War Time Photo Restoration

All keyboard shortcuts are for PC. I don’t have a Mac, but as far as I know the main difference is use of the COMMAND key and OPTION key on a Mac instead of the CTRL key and the ALT key on a PC.
War-time photo restoration: before and afterThis is the photo to be restored. It is slightly damaged; the contrast is very poor. In fact, there is a sunny day – but you can hardly guess it looking at the unretouched photo.

I tried to keep old photo look and therefore decided not to remove all the scratches and imperfections. Besides, I added a little color to increase the effect.

Move you mouse over the image to see restoration result.

Step 1. Scanning the photo.

Never ever scan grayscale photos in grayscale scanner mode!

Though the image may have no color, ALWAYS scan in RGB. That may depend on the particular scanner, but usually grayscale-scanned images are much more noisy.

Just move your mouse over the image to compare amount of digital noise when scanning in grayscale vs scanning in RGB.

Scanning resolution is not so critical. Usually 300 dpi is enough.

Step 2. Use “Levels” to adjust contrast.

Press CTRL-L for “Levels” adjustment. Old photos usually have rather narrow dynamic range. Move white point and black point markers to the positions where histogram begins to show presense some light or dark pixels.

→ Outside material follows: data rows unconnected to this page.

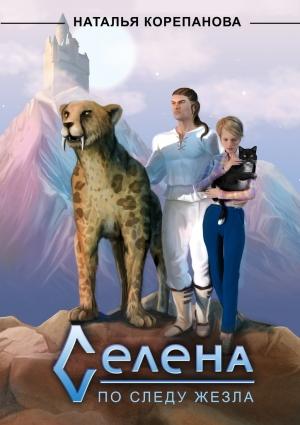 Обложка книги «Селена. По следу Жезла (полная версия)» — Наталья Корепанова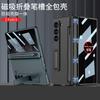 Applicable To Samsung Z Fold1 Mobile Phone Case Magnetic Hinge Pen Slot Case Film Integrated Anti-privacy Glass Fold1 Protective Case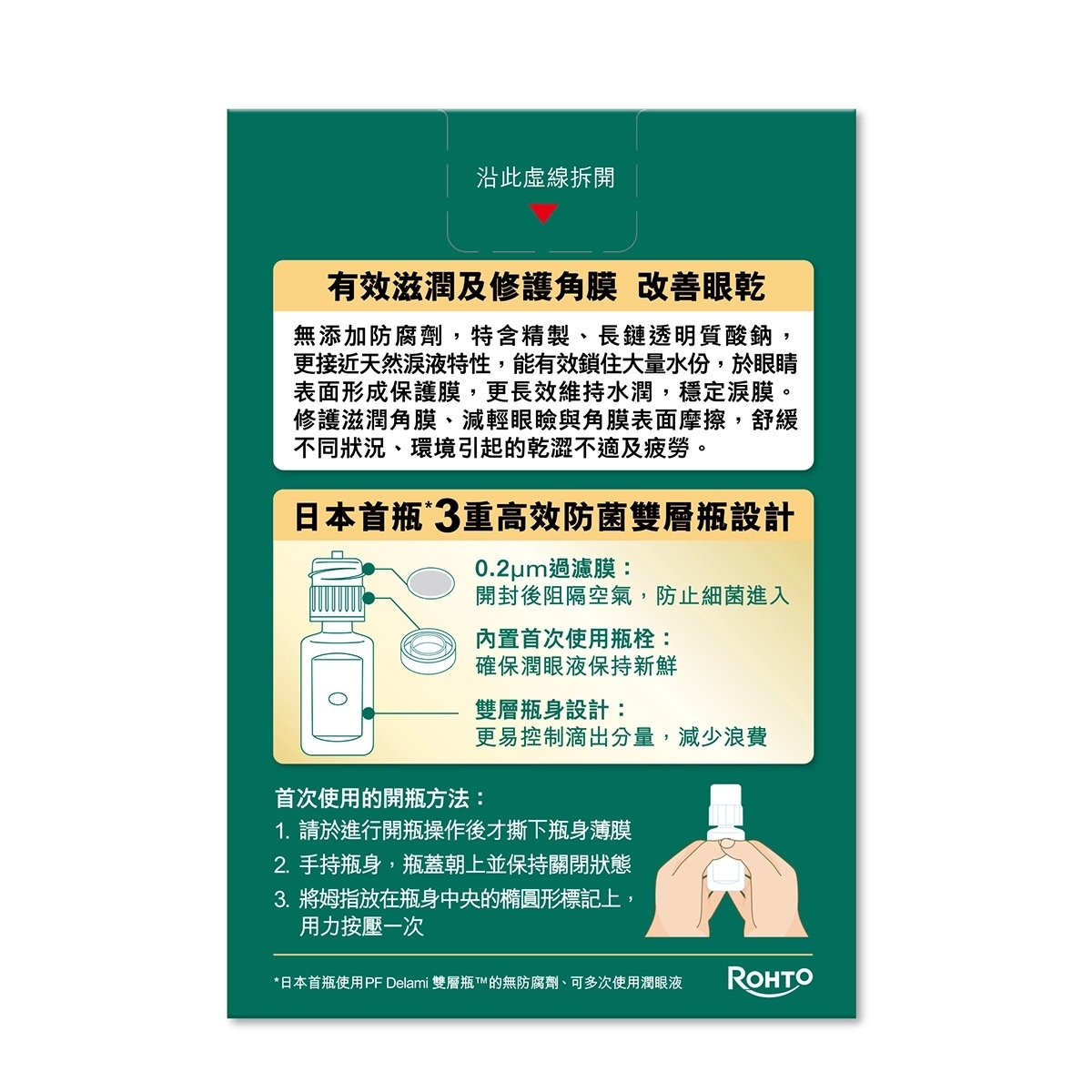 Rohto樂敦盈特保水潤眼液 5毫升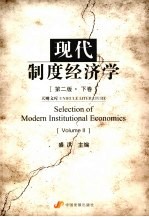 现代制度经济学 下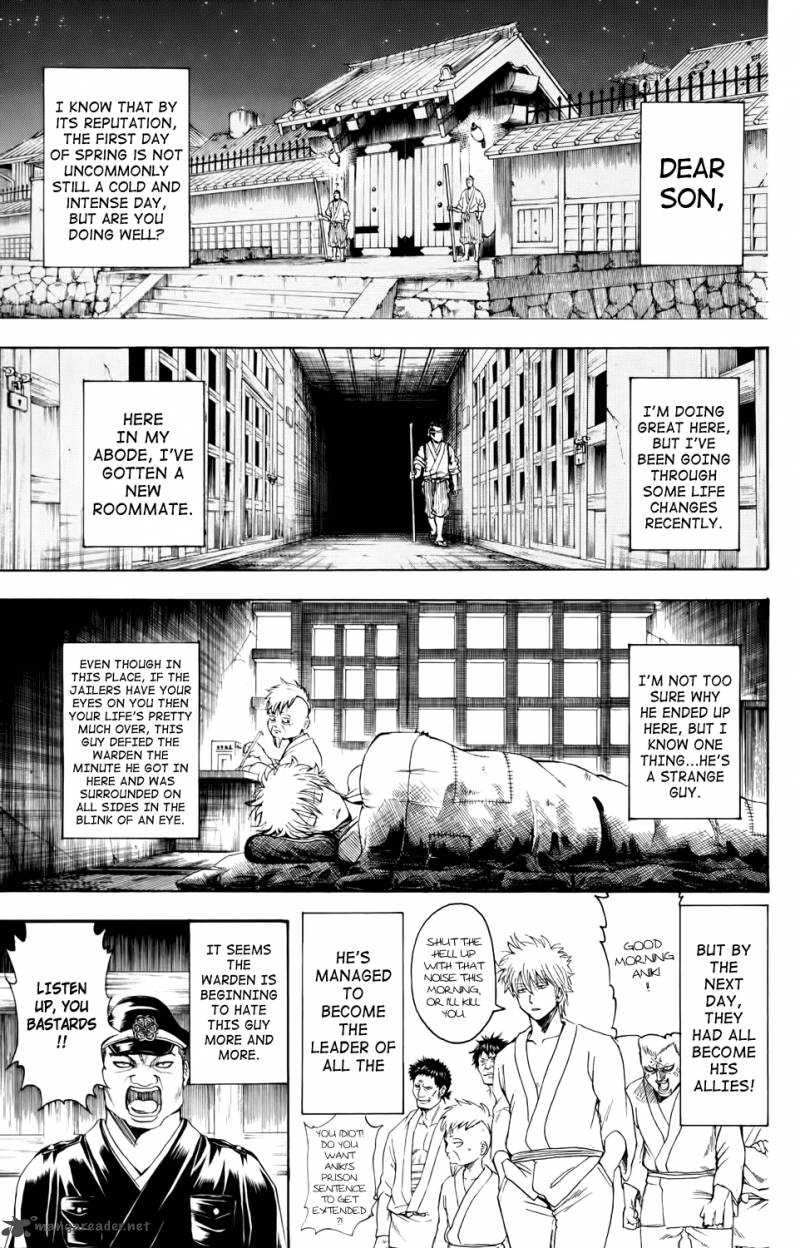 gintama_341_5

Step 3. Remove scratches and correct damaged areas.

First of all use Filter – Noise – Dust and Scratches to remove most little scratches. I used radius of 4 pixels and 20 levels for threshold.

Dust and Scratches filter settings are very individual and vary greatly depending on the photo. For your own old photo retouching first choose the smallest radius that removes most scratches and then adjust threshold to remove artifacts.

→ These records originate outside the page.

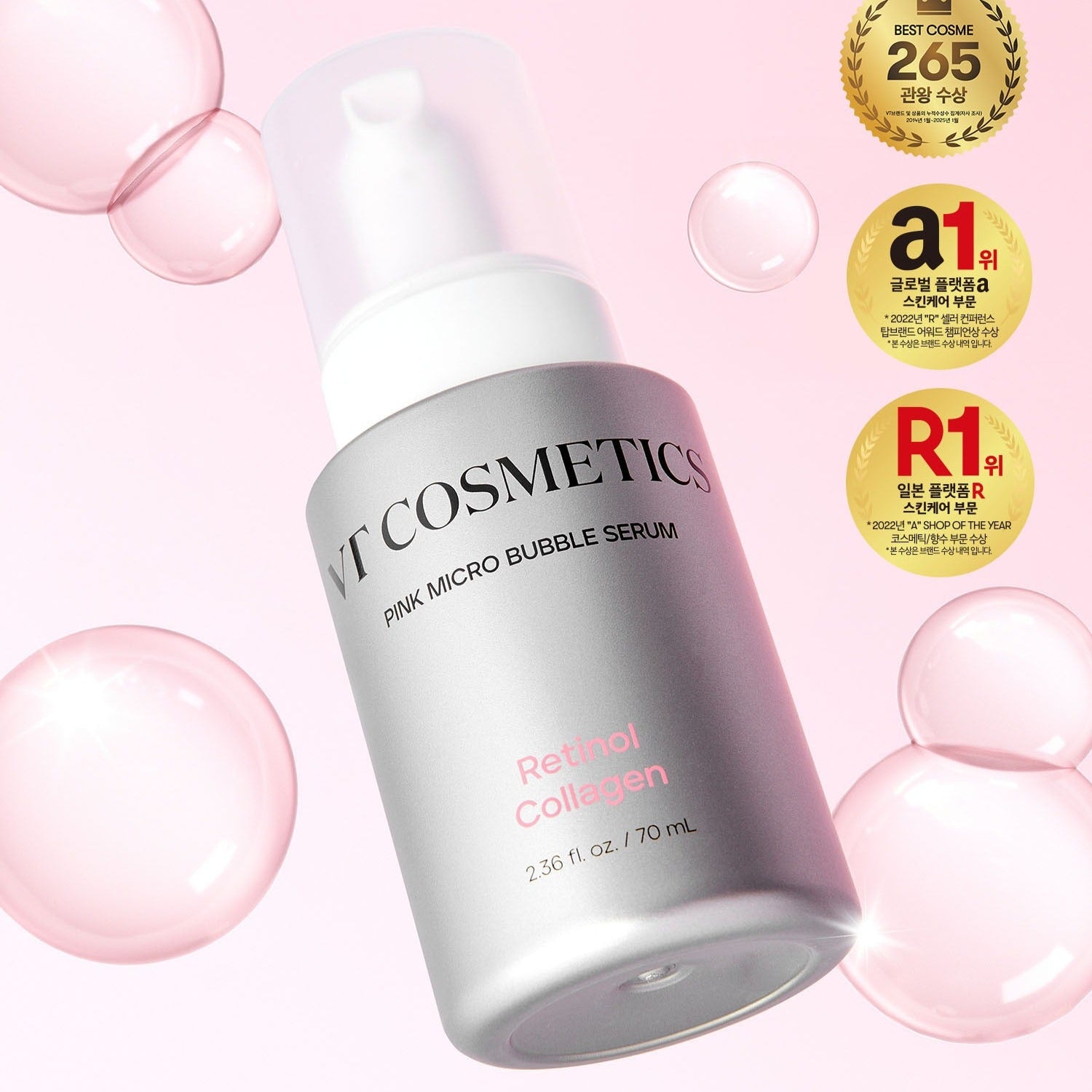 VT COSMETICS Retinol Collagen Pink Microbubble Serum 70ml de VT COSMETICS sur fond rose, bulles cosmétiques et sceaux.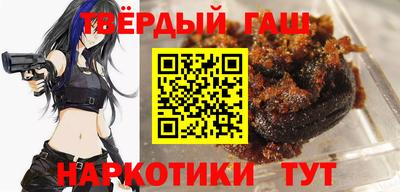 трава Первоуральск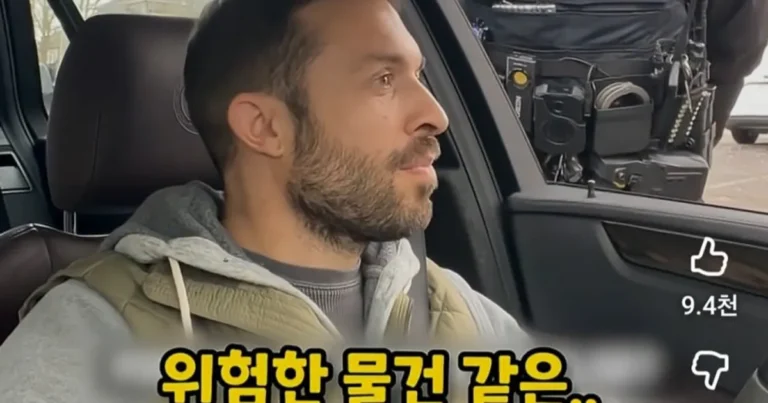 미국에서 과속 딱지 안 떼는 방법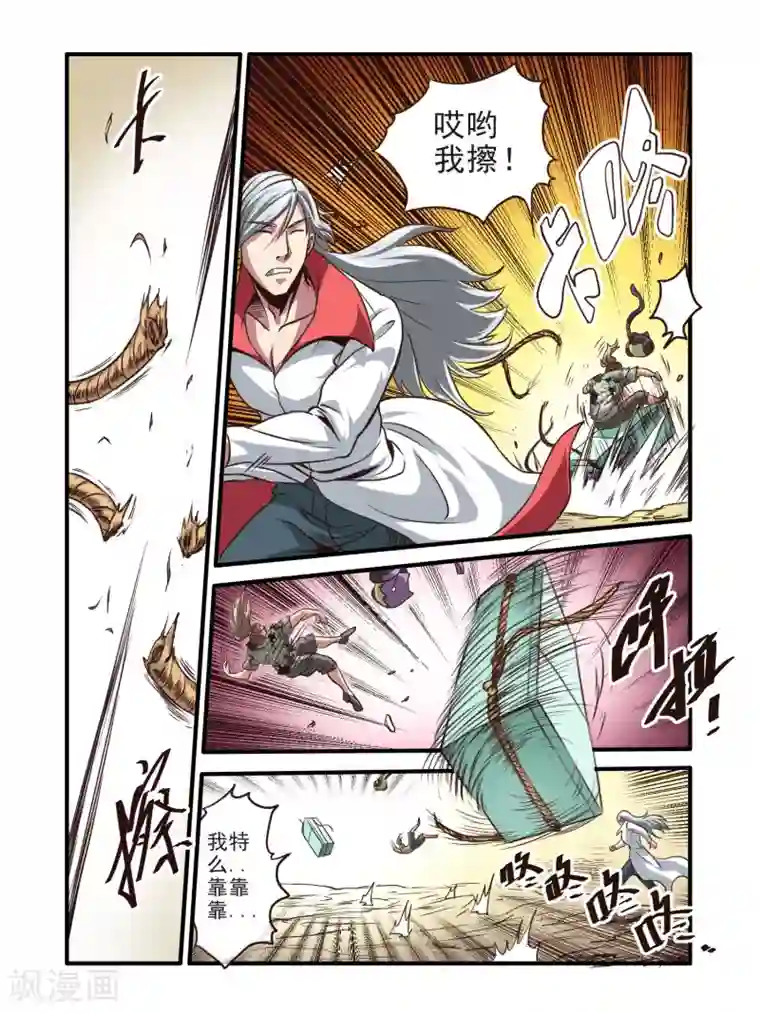 毁灭世界的电冰箱第67话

Then use Patch tool and Healing Brush tool to work out more damaged areas. Press J and SHIFT-J to switch between the tools.

Step 4. Sharpen the image.

Great tool for sharpening (and most used one) is Unsharp Mask, or USM.

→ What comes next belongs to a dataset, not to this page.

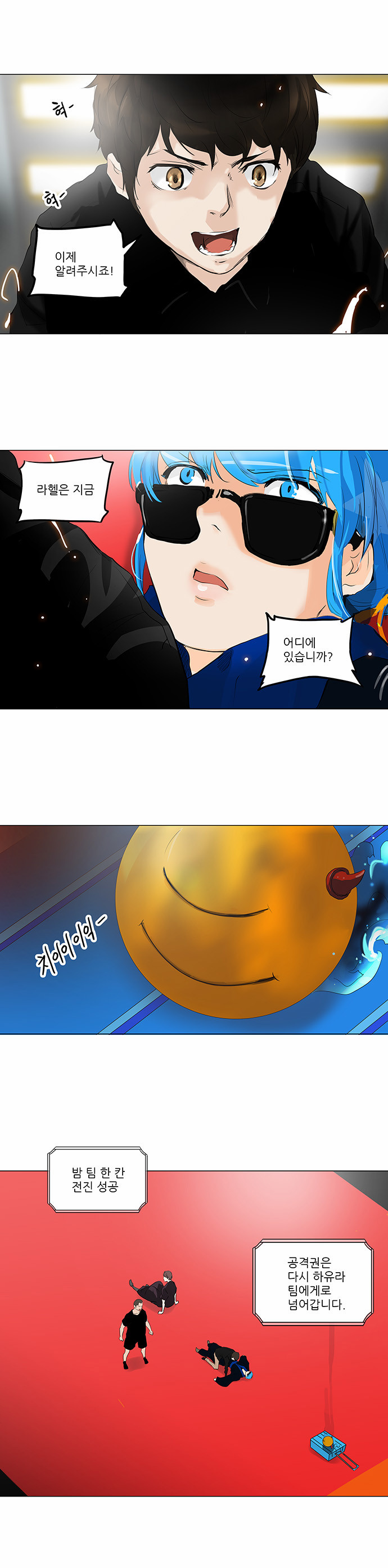 Tower of God - Chapter 212 - Page 1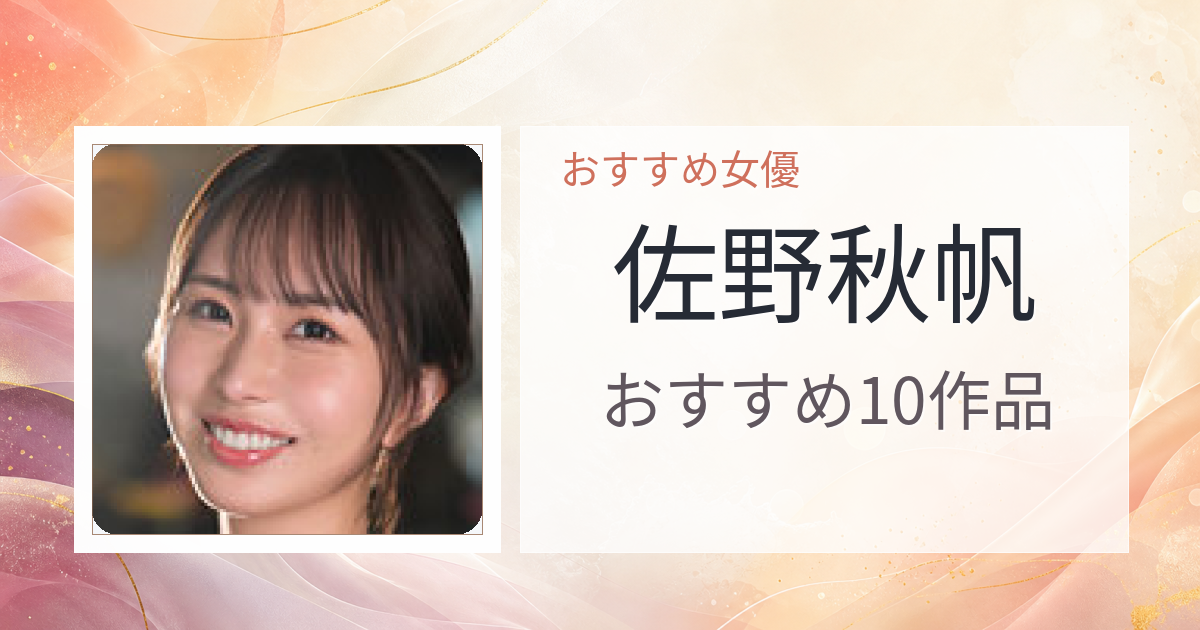 【2026年版】佐野秋帆おすすめ作品10選｜魅力・プロフィールまとめ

I used it twice. First with large radius and small amount for increasing overall image contrast (10%, 60 pixels). Then with small radius and considerable amount to increase local contrast (40%, 1.6 pixels).

Move your mouse over the image to compare “before” and “after” sharpening.

Step 5. Adjust Shadows/Highlights.

Shadow/Highlight is very powerful tool for quick correction of darker image areas. I used it to emphasize “sunny” feeling. The most important Shadow/Highlight parameter is Shadows amount (I used 15% for this image). You may also experiment with Tonal Width amount.

Step 6. Add little color.

Press CTRL-U for Hue/Saturation adjustment. I checked “Colorize” and set Hue to 40 and Saturation to 10.

  1. Susan Linchevsky says:

    Wonderful information for a beginner and very understandable.